Но Джулиан все время оглядывался. Он глубоко втянул ноздрями воздух, точно принюхивающаяся собака. Да, он что-то различал. Запах. Какая-то тошнотворная сладковатая вонь, которую он давно учуял, и сам себе боялся признаться, что она ему напоминает. Кровь.

— Ради Бога, сир, давайте возвращаться. Скоро совсем стемнеет.

Король почти забавлялся его волнением. Итак, Джулиана пугает темнота. Но, даже если они просидят здесь до ночи, им осветит путь луна. Не сегодня-завтра полнолуние, в парке будет даже прелестно, а этих собак Робсарта спускают гораздо позже.
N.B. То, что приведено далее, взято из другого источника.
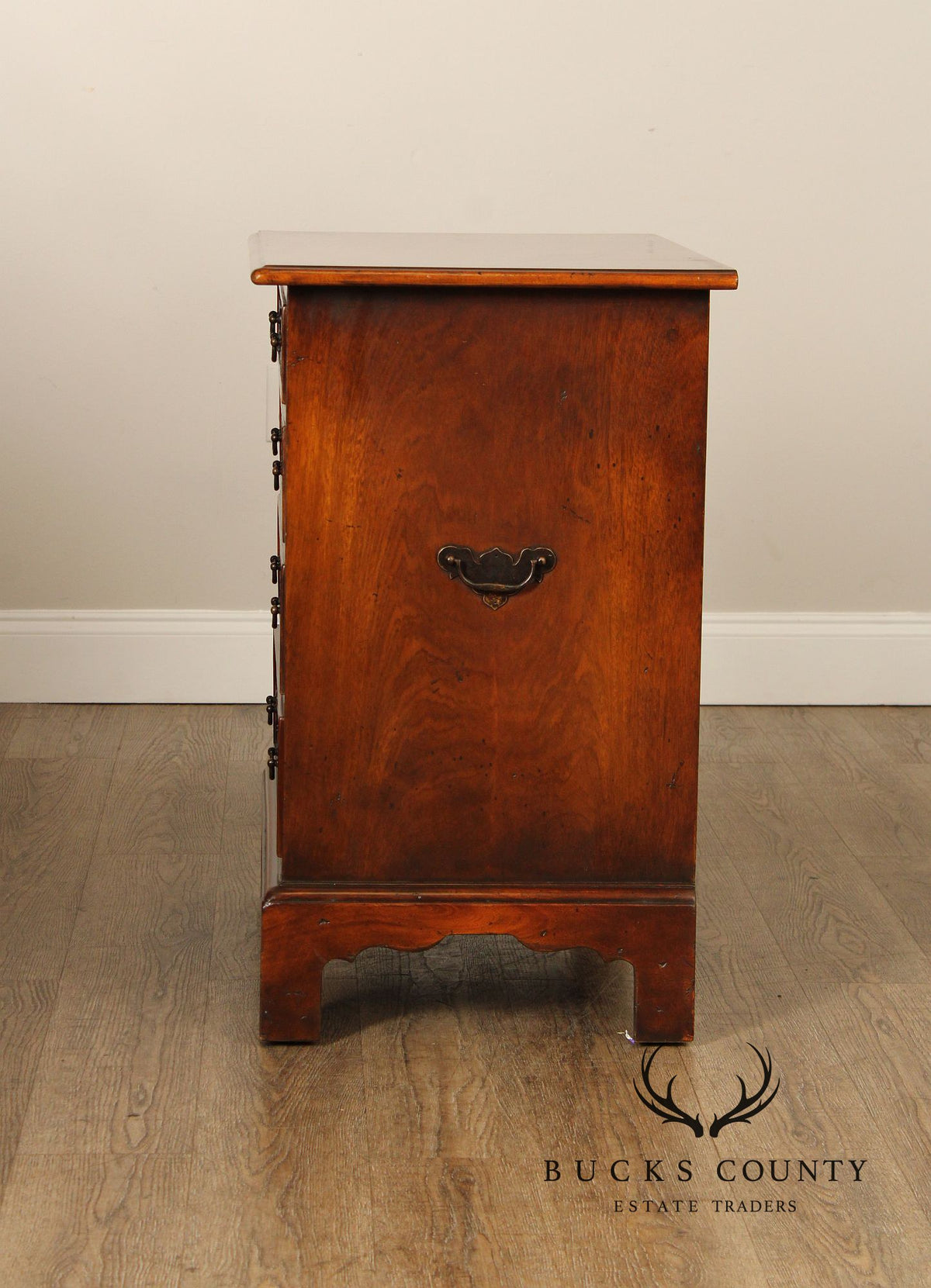 Georgian Style Mahogany Bachelor's Chest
— Ну ладно, милорд, — снисходительно вздохнул король. Нарочито медленно он поднялся, достал часы и поглядел, который час. — Всего семь. Как, однако, рано темнеет. Не буду вас больше удерживать. Вы утомлены после дороги, изнервничались. А главное, не стоит заставлять Еву так долго томиться в ожидании.
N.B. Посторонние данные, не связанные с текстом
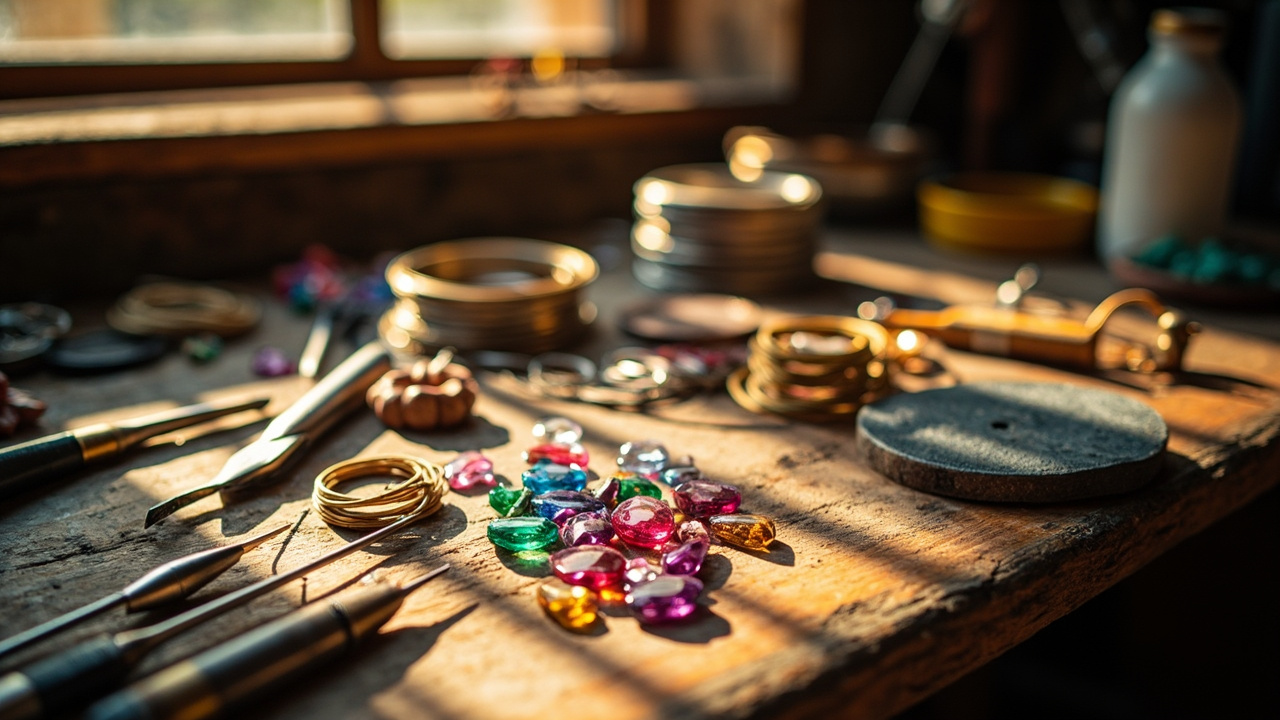 Bijoux personnalisés pour atelier DIY entre amis  
Idees cadeaux pour creation de bijoux entre amis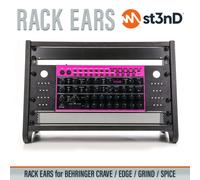 ORECCHIE RACK per BEHRINGER CRAVE / BORDO / MACINAZIONE / SPEZIE con PORTACAV...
Джулиан словно не заметил последнего, игривого замечания короля и пошел быстро, слегка втянув голову в плечи. Карл следовал за ним не спеша, при этом чуть насвистывал и глядел по сторонам. Может, поэтому он и заметил что-то в сгущающемся сумраке.

— Господи, помилуй! — Его испуганный возглас остановил уже зашедшего под сень деревьев Джулиана.

Тот тут же забыл свои страхи и кинулся назад к королю. Карл стоял у кромки кустарников и широко открытыми глазами смотрел на что-то у своих ног. Джулиан тоже увидел и невольно перекрестился.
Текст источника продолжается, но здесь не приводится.